Extracted records =
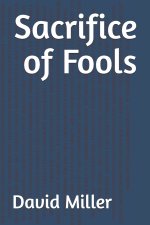 Sacrifice of Fools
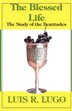 The Blessed Life by Luis Lugo, Paperback | Indigo Chapters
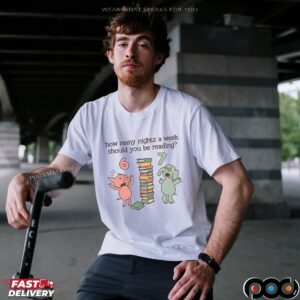 How Many Nights A Week Should You Be Reading 6 7 Meme T Shirt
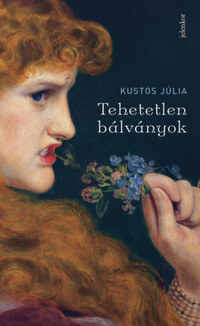 Kustos Júlia: Tehetetlen bálványok -  (Könyv)
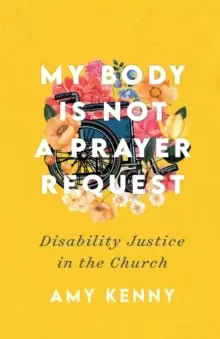 Image of My Body Is Not a Prayer Request - Disability Justice in the Church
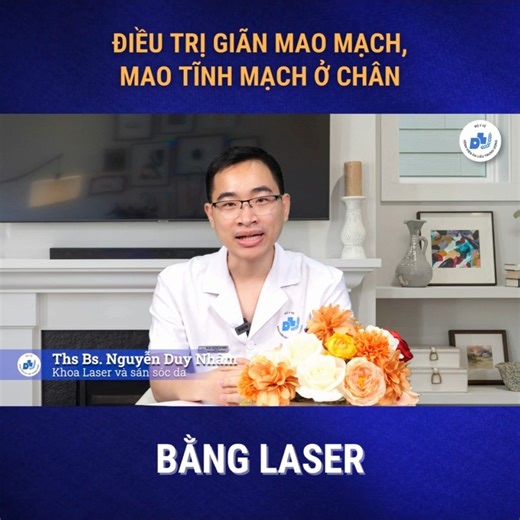 5K views · 14 reactions | Điều trị giãn mao mạch, mao tĩnh mạch ở chân bằng Laser Giãn mao mạch, mao tĩnh mạch ở chân có biểu hiện là gì? Nguyên nhân và điều trị như thế nào? Lắng nghe chia sẻ từ ThS.BS. Nguyễn Duy Nhâm - Khoa Laser và săn sóc da về vấn đề này. #dalieutrunguong | Bệnh viện Da liễu Trung ương | Facebook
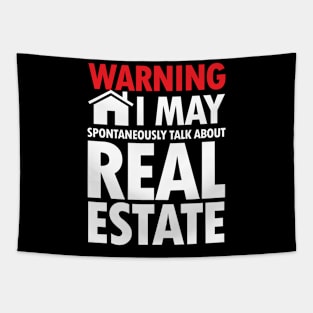 Warning I May Spontaneously Talk About Real Estate Tapestry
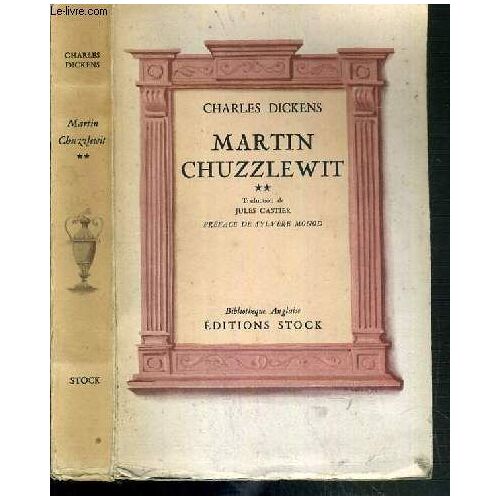 Martin Chuzzlewit - Tome 2.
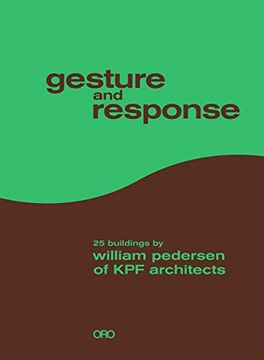 portada Gesture and Response: William Pedersen of kpf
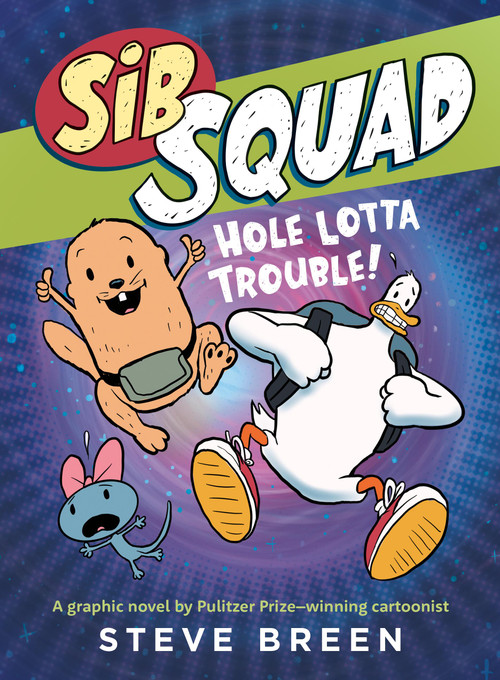 Sib Squad: Hole Lotta Trouble! - 9781546010913 by Steve Breen, 9781546010913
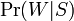 \Pr(W|S)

Exercise instructions = Only the lines from the one containing "Sib Squad: Hole" through the last line of the entries belong in the answer, given again exactly. Images stay out.

Answer section =
 Sib Squad: Hole Lotta Trouble! - 9781546010913 by Steve Breen, 9781546010913
 \Pr(W|S)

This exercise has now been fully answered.